*Data for this exercise*.
*** Begin section ***
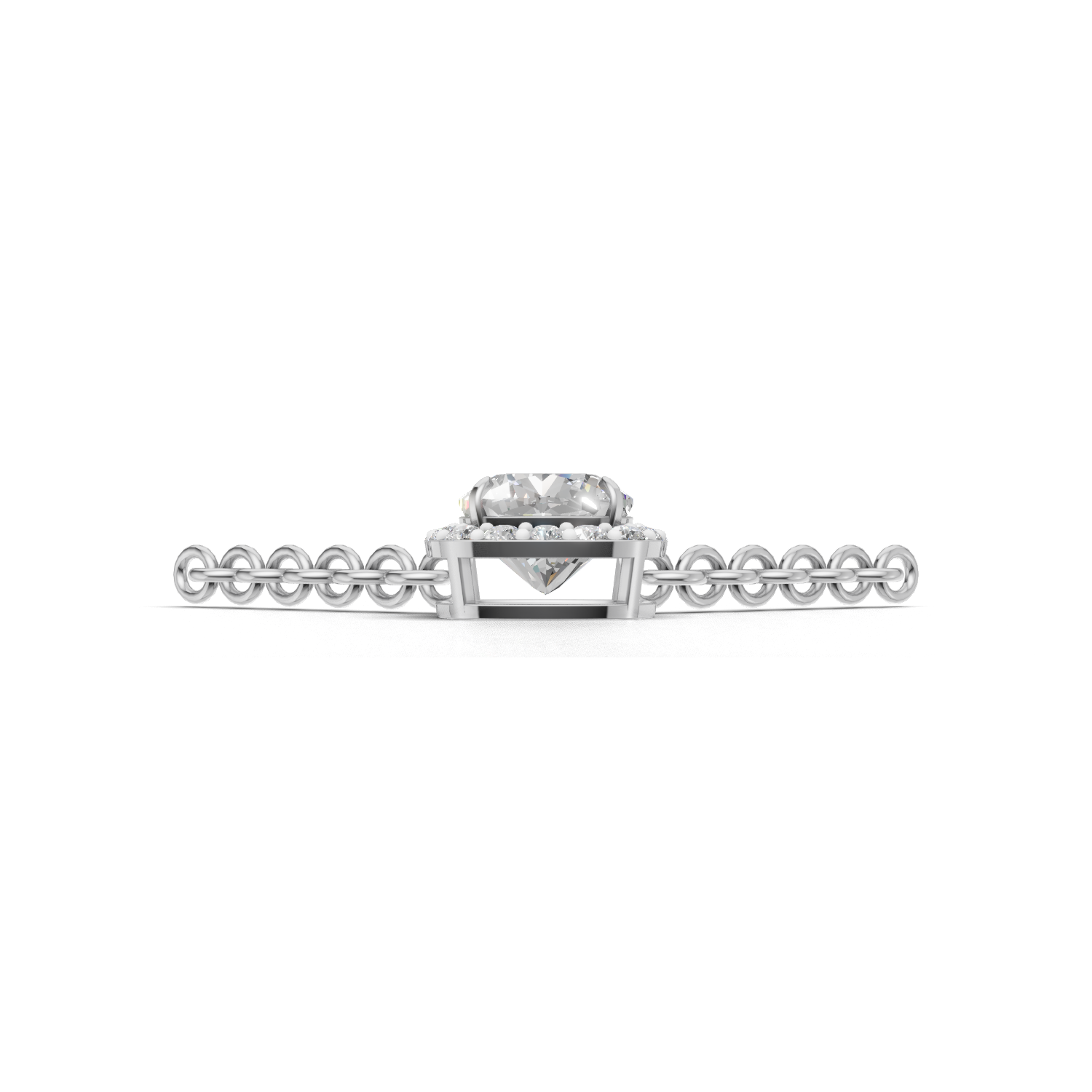 Pendant Cushion Halo 18k White Gold 1ct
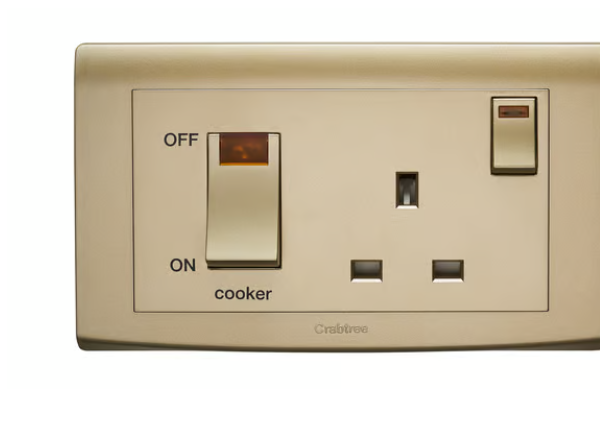 Crabtree Cooker Control Unit with Neon Indicator Light (Gold Finish)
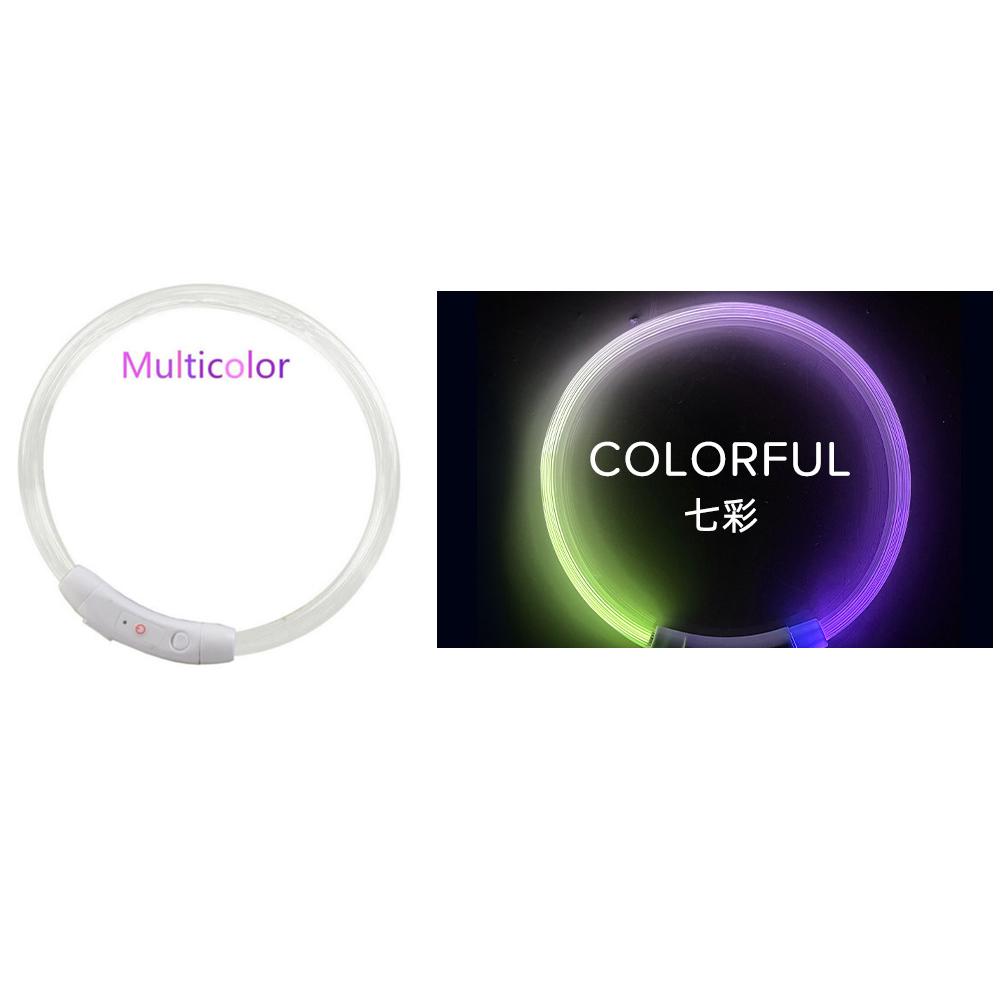 Led Glowing Dog Collar 3/Light Modes Luminous Night Charge Light 50Cm Prevention Pet Rechargea Safety Flashing Glow Dc5V Usb Red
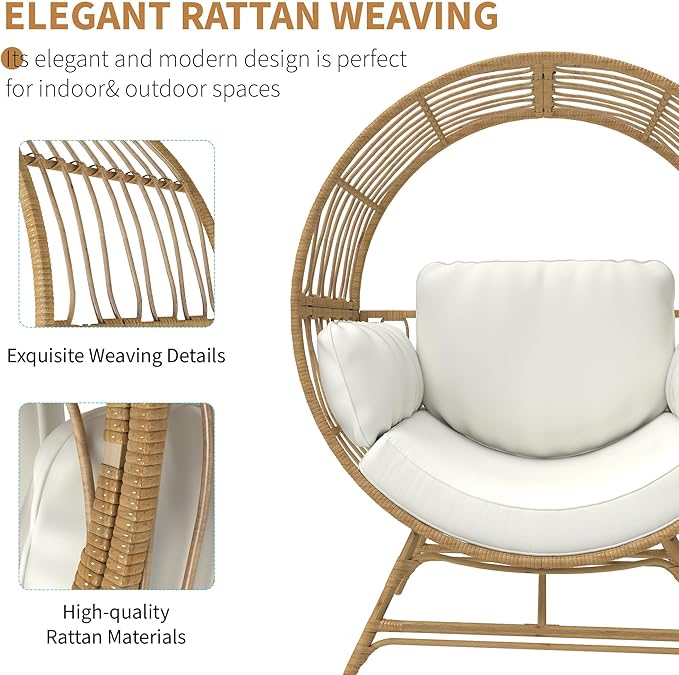 Fancyango Egg Chair Outdoor Indoor, Oversized Rattan Chair with Thicken Cushion, 350LBS Capacity Wicker Patio Lounge Chair, Basket Chair for Living Room Balcony Porch Backyard, Beige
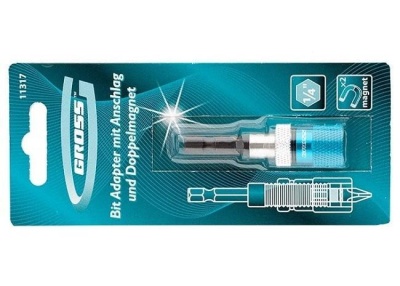 Адаптер для бит с ограничителем и двойным магнитом, 1/4 GROSS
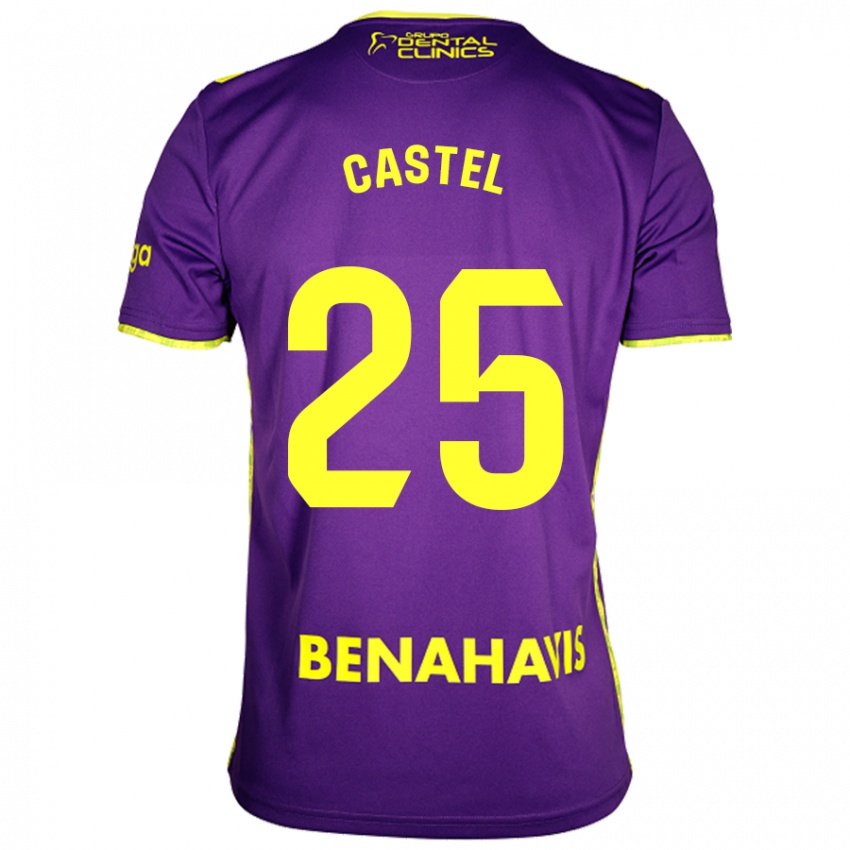 Niño Camiseta Sergio Castel #25 Púrpura Amarillo 2ª Equipación 2024/25 La Camisa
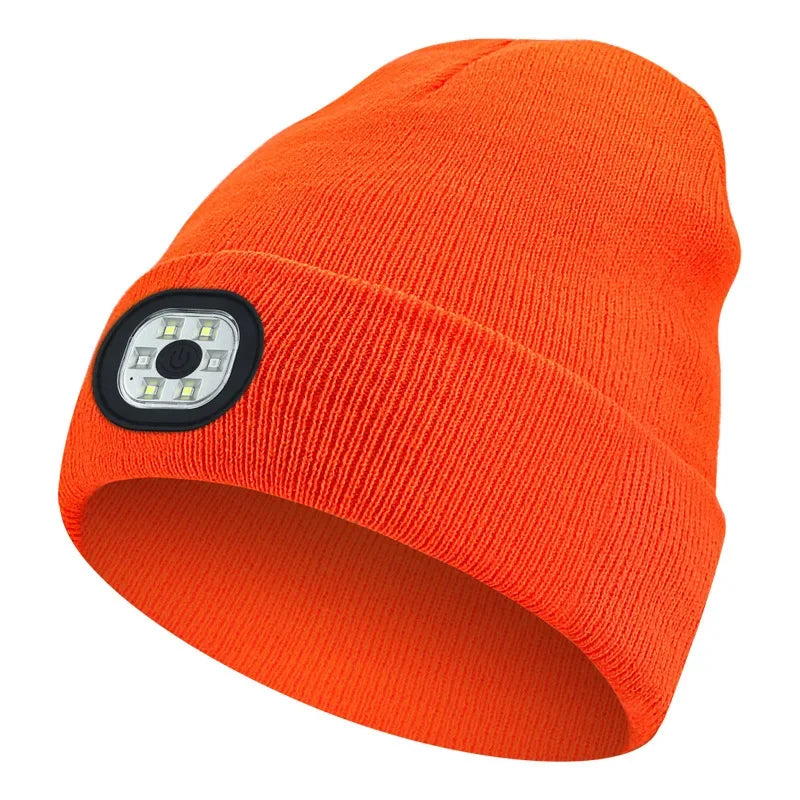 Neue Winter-Strickmütze mit LED-Warmbeleuchtung
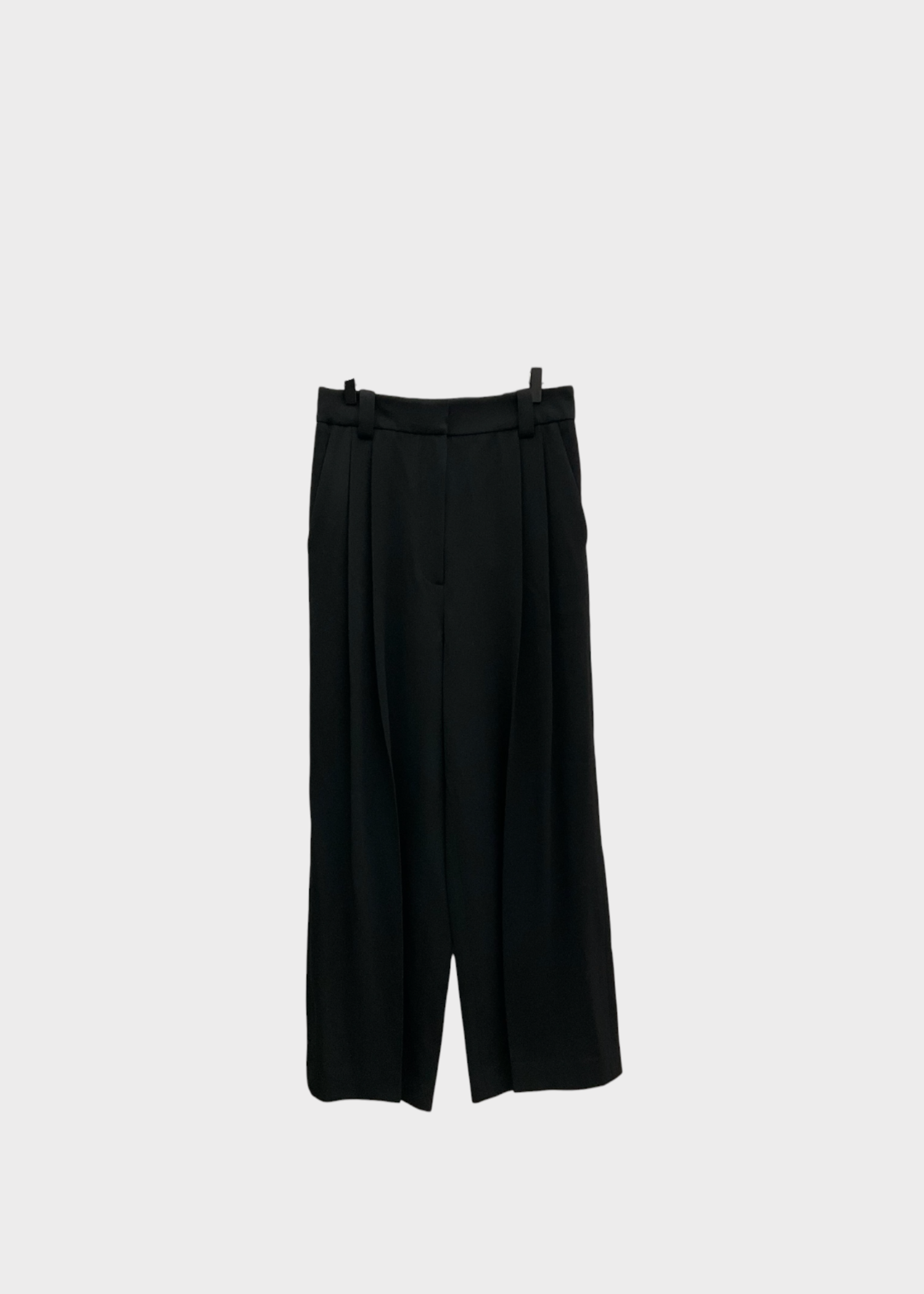 Khaite Khaite Trousers, Black, Simone Wool Mix Mid Rise Wide Leg Suiting Pants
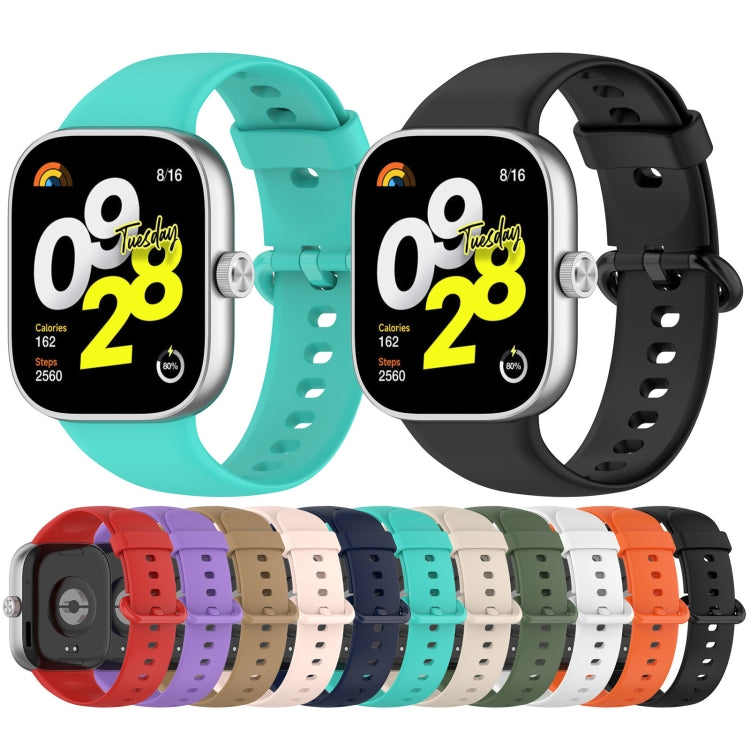 For Redmi Watch 4 Solid Color Colorful Buckle Silicone Watch Band(White) - Watch Bands by PMC TechLife | Online Shopping South Africa | PMC TechLife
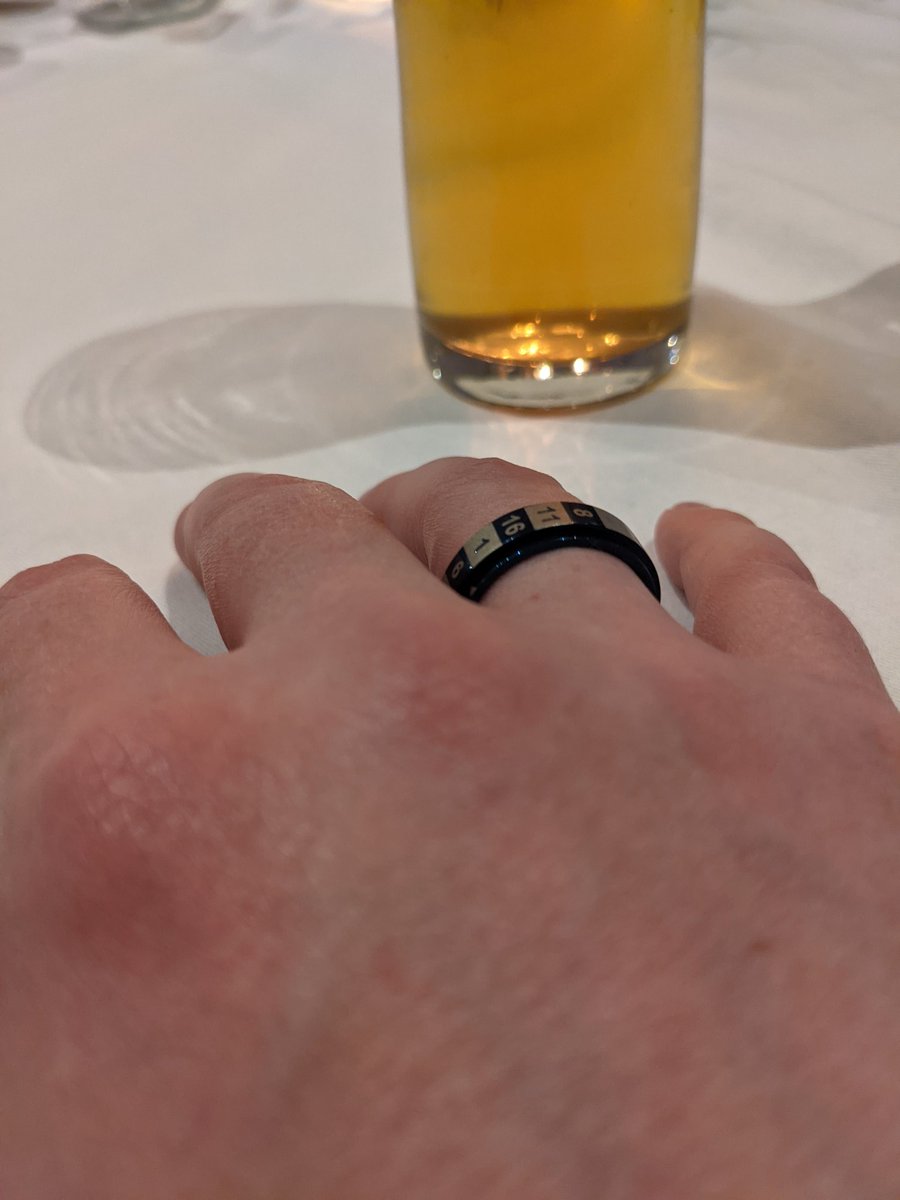 Nekrosangelo's tweet photo. One of the two pieces of jewellery I wear for a wedding. My d20 ring from @DiceRings https://t.co/k80WBzinW5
*** End section ***
*Exercise aim*. Begin with the line containing "Crabtree Cooker Control" and end with the last line of the entries above. Copy those lines exactly, both ends included, and drop every picture.

*Solved problem*.
 Crabtree Cooker Control Unit with Neon Indicator Light (Gold Finish)
 Led Glowing Dog Collar 3/Light Modes Luminous Night Charge Light 50Cm Prevention Pet Rechargea Safety Flashing Glow Dc5V Usb Red
 Fancyango Egg Chair Outdoor Indoor, Oversized Rattan Chair with Thicken Cushion, 350LBS Capacity Wicker Patio Lounge Chair, Basket Chair for Living Room Balcony Porch Backyard, Beige
 Адаптер для бит с ограничителем и двойным магнитом, 1/4 GROSS
 Niño Camiseta Sergio Castel #25 Púrpura Amarillo 2ª Equipación 2024/25 La Camisa
 Neue Winter-Strickmütze mit LED-Warmbeleuchtung
 Khaite Khaite Trousers, Black, Simone Wool Mix Mid Rise Wide Leg Suiting Pants
 For Redmi Watch 4 Solid Color Colorful Buckle Silicone Watch Band(White) - Watch Bands by PMC TechLife | Online Shopping South Africa | PMC TechLife
 Nekrosangelo's tweet photo. One of the two pieces of jewellery I wear for a wedding. My d20 ring from @DiceRings https://t.co/k80WBzinW5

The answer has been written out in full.